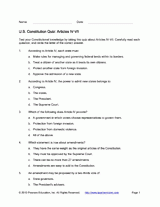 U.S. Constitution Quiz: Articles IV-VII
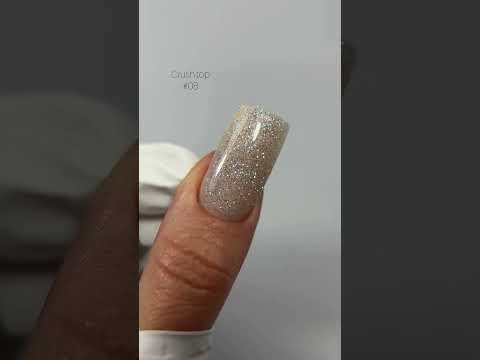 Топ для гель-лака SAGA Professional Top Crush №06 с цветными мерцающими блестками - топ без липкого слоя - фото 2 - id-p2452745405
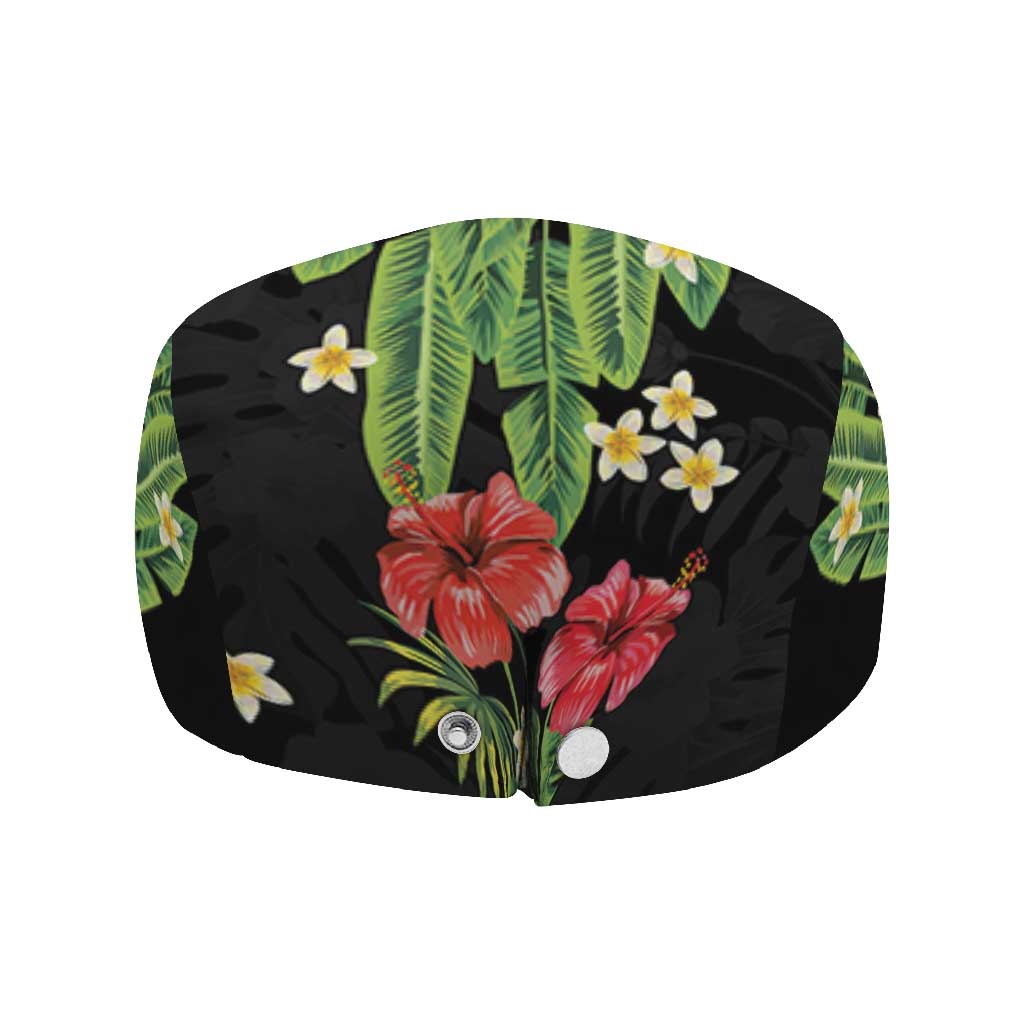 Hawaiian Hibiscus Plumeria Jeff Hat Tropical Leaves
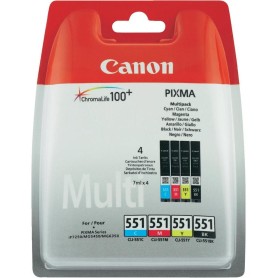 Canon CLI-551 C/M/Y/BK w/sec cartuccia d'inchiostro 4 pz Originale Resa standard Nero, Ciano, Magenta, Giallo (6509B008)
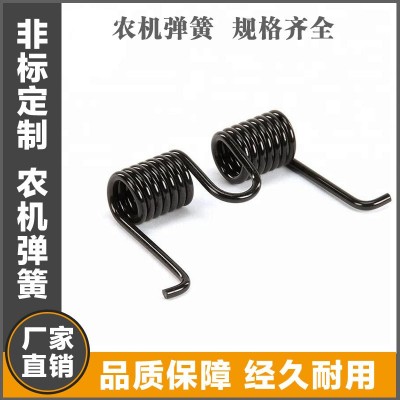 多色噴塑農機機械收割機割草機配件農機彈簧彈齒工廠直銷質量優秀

Required work
What's needed is an exact copy of every entry, free of pictures.

Exercise response
 U.S. Constitution Quiz: Articles IV-VII
 Топ для гель-лака SAGA Professional Top Crush №06 с цветными мерцающими блестками - топ без липкого слоя - фото 2 - id-p2452745405
 Hawaiian Hibiscus Plumeria Jeff Hat Tropical Leaves
 Canon CLI-551 C/M/Y/BK w/sec cartuccia d'inchiostro 4 pz Originale Resa standard Nero, Ciano, Magenta, Giallo (6509B008)
 多色噴塑農機機械收割機割草機配件農機彈簧彈齒工廠直銷質量優秀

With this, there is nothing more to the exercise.